One of the best ways to get a higher investment return is to pay less in fees. Index funds offer diversified holdings and help investors keep more money so their earnings can compound faster. Jim Holtzman, a wealth advisor at Legend Financial Advisors, says with more exchange-traded index funds available, it's become easier for investors to lower costs. Some of the best follow the S&P 500 (.SPX) and have costs under 0.10%, or $10 for every $10,000 invested annually. But investors don't have to stick with a broader market, as many sectors and niche funds are available at costs much lower than for actively managed funds. Here are eight of the top low-cost index funds.
Vanguard Total Stock Market ETF
Morris Armstrong, a fee-only registered investment advisor in Cheshire, Connecticut, says he uses VTI (VTI) in many of his investment portfolio models. It is a market-cap weighted index of more than 3,500 stocks, from large through small cap and can be used as a core domestic holding. VTI ranks No. 23 in U.S. News' Large Blend ETFs rankings. "It provides such broad coverage at such a low cost," he says. "It has been said that boring is beautiful and classics never go out of style. I think that can be applied here as well." It has a 0.03% expense ratio.
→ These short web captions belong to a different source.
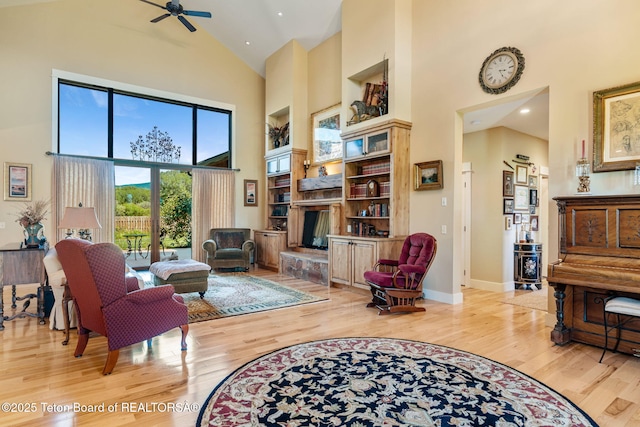 6289 Fox Meadows Dr, Victor, ID 83455 - living area with high vaulted ceiling, wood finished floors, ceiling fan, a fireplace with raised hearth, and recessed lighting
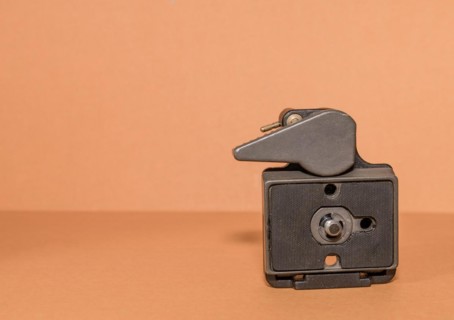 Closeup top view of quick release tripod head on brown background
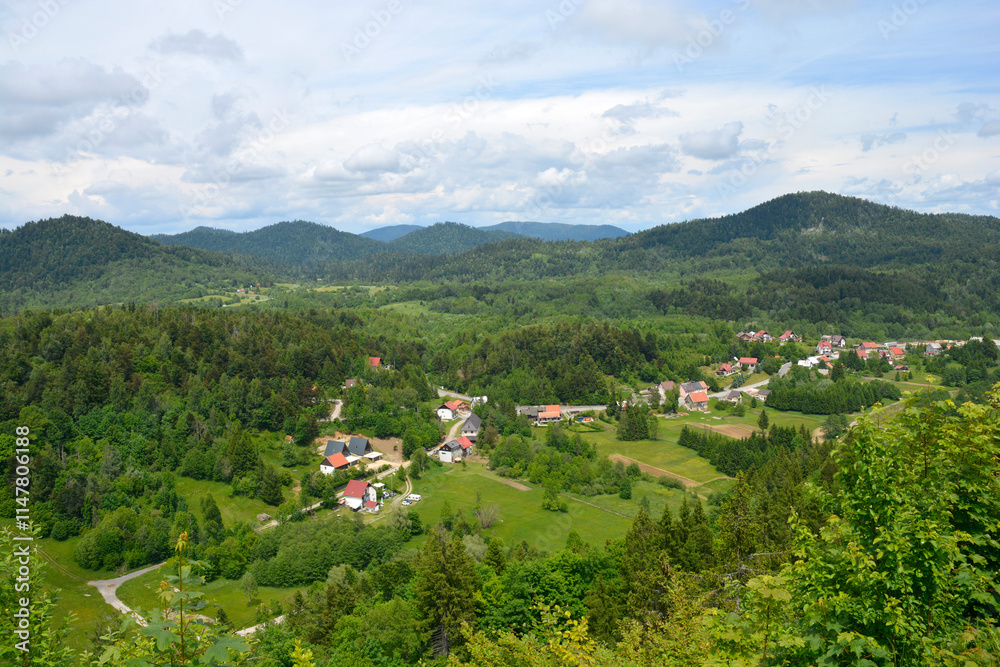 Obraz premium A view towards the municipality of Lokve as seen from a lookout point on the road above Lokve Lake (Lokvarsko jezero) in Croatia, featuring lush forests and picturesque village scenery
Vanguard 500 Index Admiral
Robert Johnson, professor of finance at Creighton University’s Heider College of Business, says he considers VFIAX (VFIAX) the best low-cost index mutual fund for the majority of investors. The fund tracks the S&P 500 index, a large-cap index, making the fund suitable as a core holding. "Most investors will benefit from exposure to a broad index that does not take sector bets, resulting in lower volatility than some of the sector index funds," Johnson says. Morningstar gives VFIAX a five-star, gold rating. The expense ratio is 0.04% and has a minimum investment of $3,000.
iShares Russell 2000 ETF
IWM follows the small-cap index, Russell 2000 (IWM). John Person, founder of Persons Planet, a trading education and advisory company, says small-cap growth stocks and indexes should outperform mega-cap blue-chip stock indexes. Small-cap indexes have lagged large cap in recent years, but with the Federal Reserve keeping interest rates low for the foreseeable future, that should spur growth, he says. That could benefit small-cap stocks which can grow more easily because of their size. IWM is the biggest of the U.S. small-cap index ETFs by assets under management, with $48 billion. That makes it highly liquid and easy to trade. It has an expense ratio of 0.19%.
JPMorgan Diversified Return International Equity ETF
Daniel Milan, a financial advisor and managing partner at Cornerstone Financial Services, likes this multi-factor index ETF (JPIN). Its benchmark uses three time-tested factors (value, momentum and quality) to select international stocks. The holdings are weighted by volatility on a sector and regional level. "We are really big believers in factor analysis, and we think the approach is beneficial for retail investors," he says. The factors JPIN uses have historically outperformed, he says. Indexes that use multiple factors tend to be slightly more than market-weighted index funds, but he says at 0.37%, JPIN is fairly priced to its peers.
iShares PHLX Semiconductor ETF
Holtzman says investors can use index funds in two ways, as core holdings to get exposure to broader markets, and as satellite holdings to amplify certain sectors or subsectors. It's much cheaper to use index funds to get targeted, niche exposure than individual stocks. The technology sector has seen sharp gains, and much of that comes from the semiconductor industry, and he has used an index fund to efficiently overweight that subsector and can efficiently sell when the index fund reaches his target. The biggest semiconductor index ETF by assets under management and one of the cheapest is SOXX (SOXX), which has $2.3 billion in AUM and costs 0.46%.
iShares U.S. Aerospace & Defense ETF
Milan says ITA (ITA) is one of his favorite niche index funds, and it follows the Dow Jones U.S. Select/Aerospace and Defense Index. "It's been the No. 1 fund in that subsector for the last 10 years," he says. "It's a nice blend of growth and value." He says because of the many large-cap names ITA holds, he uses it as a satellite position to lower volatility in his portfolios. The fund's one-year return is about 33%, even with a major holding, Boeing Co. (BA), a drag on performance because of the firm’s 737 Max problems. "That just makes it a better value," he says.
SPDR S&P Oil & Gas Exploration & Production ETF
XOP (XOP) follows the Thomson Reuters U.S. Oil & Gas Exploration and Production Index, an equal-weight index that allows a diversified approach to an asset class often dominated by big names. The fund fell sharply in 2019, Person says, as investment managers may have avoided the energy sector, expecting a recession and lower global demand. He says the fund is ripe for a rebound with U.S. employment strong and tensions easing between China and the U.S. He adds energy stocks are in a rare decoupling from oil prices, with crude oil prices on an upswing while energy equities are down. This offers a buying opportunity.
VanEck Vectors Gold Miners ETF
With the Fed keeping monetary policy loose and having a higher tolerance for inflation, Person says that should bode well for commodity-based funds. The Fed's stance "should equate to investment fund managers having more long exposure to gold," he says, which is a historic inflation hedge. His index fund choice is GDX (GDX), the biggest of the global gold-mining ETFs, with $13 billion in AUM. The expense ratio is 0.52%, which makes it costlier than a simple S&P 500 fund, but still a fair price for access to a niche area.